**AIM OF THE TASK**
Look through the listing below and write out exactly the lines from the line with "844 - A LARGE" to the line with "Premier Research Labs", both included, and no others.

**INFORMATION PROVIDED**
◆ ◆ ◆ ◆ ◆ ◆ ◆
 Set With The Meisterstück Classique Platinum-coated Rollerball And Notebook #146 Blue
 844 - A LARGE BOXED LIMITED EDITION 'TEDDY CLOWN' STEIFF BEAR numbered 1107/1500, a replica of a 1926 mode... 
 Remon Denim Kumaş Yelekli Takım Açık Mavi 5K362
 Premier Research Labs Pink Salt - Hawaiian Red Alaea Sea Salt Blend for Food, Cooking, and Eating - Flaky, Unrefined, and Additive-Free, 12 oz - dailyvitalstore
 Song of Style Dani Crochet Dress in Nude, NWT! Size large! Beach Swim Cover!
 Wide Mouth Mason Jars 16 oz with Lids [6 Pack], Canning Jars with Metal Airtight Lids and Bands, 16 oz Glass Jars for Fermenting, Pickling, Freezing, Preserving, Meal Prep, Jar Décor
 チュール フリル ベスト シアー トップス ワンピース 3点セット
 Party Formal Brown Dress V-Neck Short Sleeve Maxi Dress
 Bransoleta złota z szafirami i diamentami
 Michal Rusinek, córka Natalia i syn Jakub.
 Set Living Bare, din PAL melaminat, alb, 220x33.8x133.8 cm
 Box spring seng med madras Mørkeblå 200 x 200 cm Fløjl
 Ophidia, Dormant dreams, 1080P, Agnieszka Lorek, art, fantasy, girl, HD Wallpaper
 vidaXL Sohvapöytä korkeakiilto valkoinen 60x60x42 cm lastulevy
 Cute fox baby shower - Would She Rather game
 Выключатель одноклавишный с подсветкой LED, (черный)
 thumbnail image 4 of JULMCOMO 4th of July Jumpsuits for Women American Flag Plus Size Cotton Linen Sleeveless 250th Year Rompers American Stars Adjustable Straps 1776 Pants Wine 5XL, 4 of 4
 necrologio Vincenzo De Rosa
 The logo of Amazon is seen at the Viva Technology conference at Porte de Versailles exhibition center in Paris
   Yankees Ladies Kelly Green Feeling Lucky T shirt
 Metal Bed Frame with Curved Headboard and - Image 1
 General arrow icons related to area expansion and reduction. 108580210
◆ ◆ ◆ ◆ ◆ ◆ ◆
**ANSWER TO THIS TASK**
 844 - A LARGE BOXED LIMITED EDITION 'TEDDY CLOWN' STEIFF BEAR numbered 1107/1500, a replica of a 1926 mode... 
 Remon Denim Kumaş Yelekli Takım Açık Mavi 5K362
 Premier Research Labs Pink Salt - Hawaiian Red Alaea Sea Salt Blend for Food, Cooking, and Eating - Flaky, Unrefined, and Additive-Free, 12 oz - dailyvitalstore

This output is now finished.